Console actions and commands

Discovery and help:

  • help / h / ?: show all command syntaxes and examples.

  • status: compact snapshot of models, loaders, optimizers, hyperparams.

  • dump: sanitized ledger dump (dataloaders, optimizers, hyperparams).

Training control:

  • pause (or p): pause training and set is_training=False.

  • resume (or r): resume training and set is_training=True.

Registry inspection:

  • list_models

  • list_optimizers

  • list_loaders

  • plot_model [model_name]: prints model architecture text tree.

Sample-level dataset operations:

  • list_uids [loader_name] [--discarded] [--limit N]

  • discard <uid> [uid2 ...] [--loader loader_name]

  • undiscard <uid> [uid2 ...] [--loader loader_name]

  • add_tag <uid> <tag> [--loader loader_name]

Hyperparameter operations:

  • hp: list hyperparameter sets.

  • hp <name>: show one set.

  • set_hp [hp_name] <key.path> <value>: update one key path.

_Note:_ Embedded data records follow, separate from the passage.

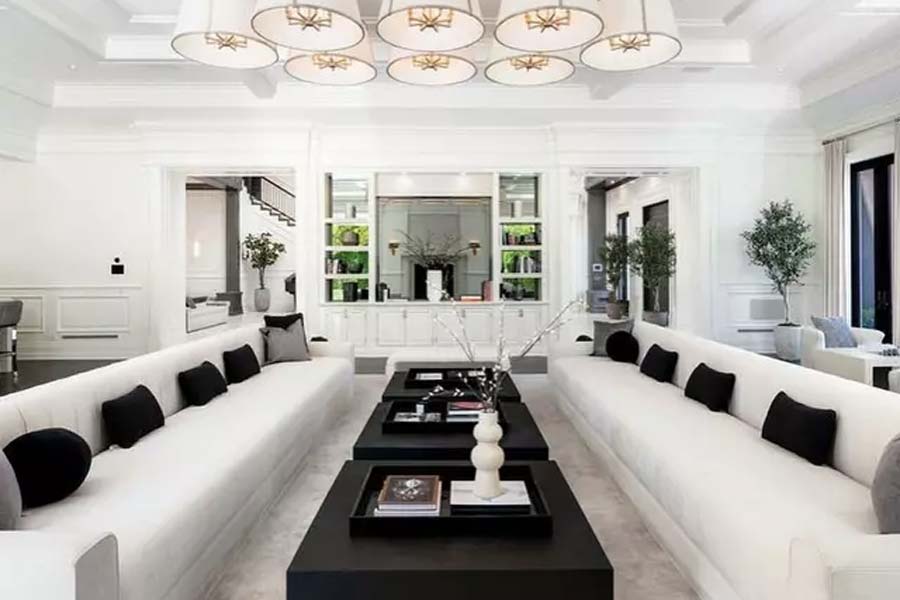 বাড়ি জুড়ে রয়েছে নানা রকম পেন্টিং। বহু নামকরা চিত্রশিল্পীর আঁকা ছবি বাঁধিয়ে রাখা হয়েছে প্রতিটি ঘরে।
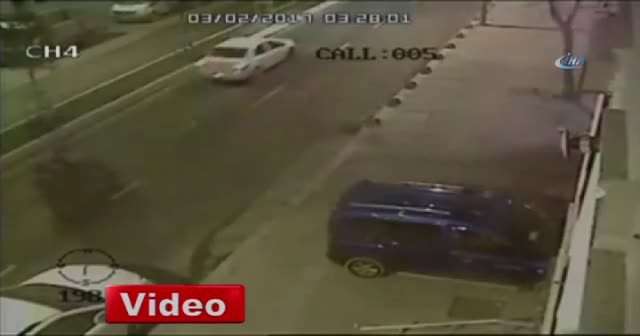 Nefes kesen hırsız-polis kovalaması kamerada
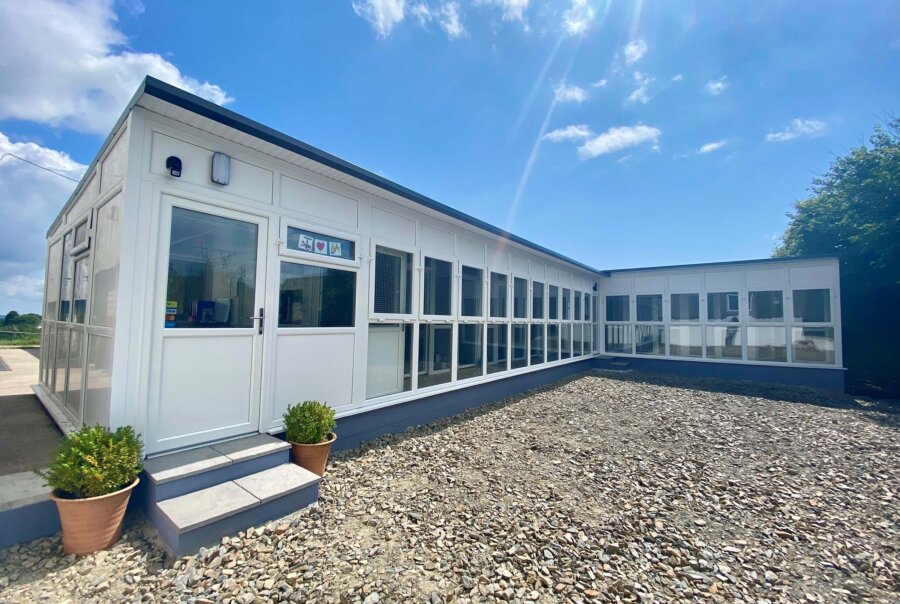 Cattery Manufacturer No1 for uPVC Catteries and Kennels Pedigree
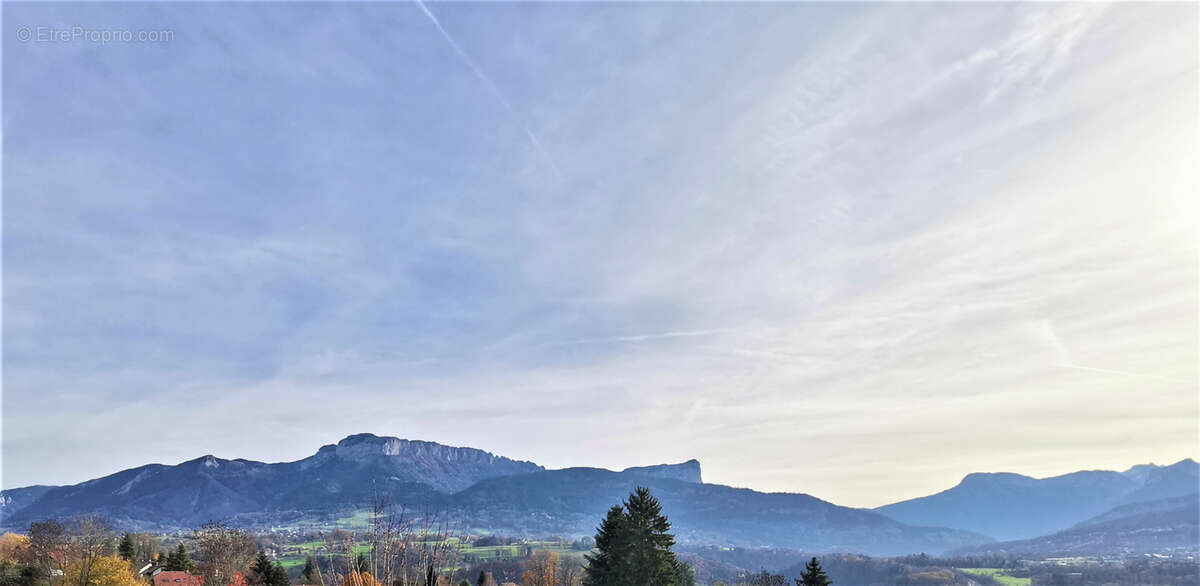 Appartement à ARGONAY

Model architecture operation:

  • operate [model_name] <op_type:int> <layer_id:int> <nb|[list]>

Session control:

  • exit / quit: close client session.

  • clear / cls: client-side terminal clear (not sent to server).

Developer notes

  • Prefer CLI for quick diagnosis and manual interventions.

  • Keep CLI port private (localhost or private subnet only).

  • Use Weights Studio for richer visual workflows; use CLI for low-latency command-driven operations.

Weightslab workflow recommendation

Typical loop for productive usage:

  1. Start Weightslab backend and studio stack.

  2. Monitor training metrics and sample-level signals.

  3. Use grid metadata + modal details to inspect hard or noisy samples.

  4. Tag slices (e.g., outliers, hard cases).

  5. Discard low-value samples and continue training.

  6. Use train/audit mode toggles to inspect safely without weight updates.

  7. Use plot controls to inspect branch transitions and checkpoint behavior.

Troubleshooting

  • Studio loads but no data: check backend gRPC is running and Envoy target is reachable.

  • Connection/reset errors: verify ENVOY_PORT and backend port mapping.

  • Wrong endpoint: verify WS_SERVER_HOST/PORT/PROTOCOL in docker environment.

  • No plot updates: verify plot auto-refresh setting and backend logger data availability.